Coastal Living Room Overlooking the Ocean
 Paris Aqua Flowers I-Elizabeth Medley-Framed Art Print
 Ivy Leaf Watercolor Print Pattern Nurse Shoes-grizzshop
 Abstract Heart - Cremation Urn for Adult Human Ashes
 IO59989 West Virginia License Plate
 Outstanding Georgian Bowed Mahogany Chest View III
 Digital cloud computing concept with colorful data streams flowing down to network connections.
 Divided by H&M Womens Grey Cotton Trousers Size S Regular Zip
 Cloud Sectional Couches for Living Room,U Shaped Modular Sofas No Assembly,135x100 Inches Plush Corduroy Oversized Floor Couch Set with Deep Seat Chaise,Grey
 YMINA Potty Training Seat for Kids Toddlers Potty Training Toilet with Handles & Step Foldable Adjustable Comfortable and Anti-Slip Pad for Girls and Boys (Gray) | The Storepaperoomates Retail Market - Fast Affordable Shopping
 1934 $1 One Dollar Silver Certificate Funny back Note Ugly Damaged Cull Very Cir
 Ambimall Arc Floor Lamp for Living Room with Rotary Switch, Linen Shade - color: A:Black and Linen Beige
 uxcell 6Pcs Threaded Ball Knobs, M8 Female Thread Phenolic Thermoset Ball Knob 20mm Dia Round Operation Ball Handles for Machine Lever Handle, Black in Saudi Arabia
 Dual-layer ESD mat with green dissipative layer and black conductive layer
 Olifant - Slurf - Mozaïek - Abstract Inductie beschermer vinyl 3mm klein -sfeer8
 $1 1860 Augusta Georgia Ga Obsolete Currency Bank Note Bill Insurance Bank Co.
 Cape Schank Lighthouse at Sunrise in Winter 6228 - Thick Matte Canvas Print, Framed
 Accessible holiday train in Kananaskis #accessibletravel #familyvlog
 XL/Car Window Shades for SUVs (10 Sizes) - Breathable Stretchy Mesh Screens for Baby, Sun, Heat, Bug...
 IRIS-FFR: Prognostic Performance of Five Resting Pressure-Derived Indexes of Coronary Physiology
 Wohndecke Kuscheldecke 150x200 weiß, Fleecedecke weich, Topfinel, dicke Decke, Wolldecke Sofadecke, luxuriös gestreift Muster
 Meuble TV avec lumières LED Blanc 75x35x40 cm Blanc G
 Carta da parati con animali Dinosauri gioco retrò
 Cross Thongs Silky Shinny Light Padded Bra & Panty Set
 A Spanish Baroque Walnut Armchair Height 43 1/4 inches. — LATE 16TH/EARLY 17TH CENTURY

◆ Exercise
Retype the listing above, word for word, from its first line to the line containing "Outstanding Georgian Bowed", both ends included.

◆ Exercise answer
Coastal Living Room Overlooking the Ocean
 Paris Aqua Flowers I-Elizabeth Medley-Framed Art Print
 Ivy Leaf Watercolor Print Pattern Nurse Shoes-grizzshop
 Abstract Heart - Cremation Urn for Adult Human Ashes
 IO59989 West Virginia License Plate
 Outstanding Georgian Bowed Mahogany Chest View III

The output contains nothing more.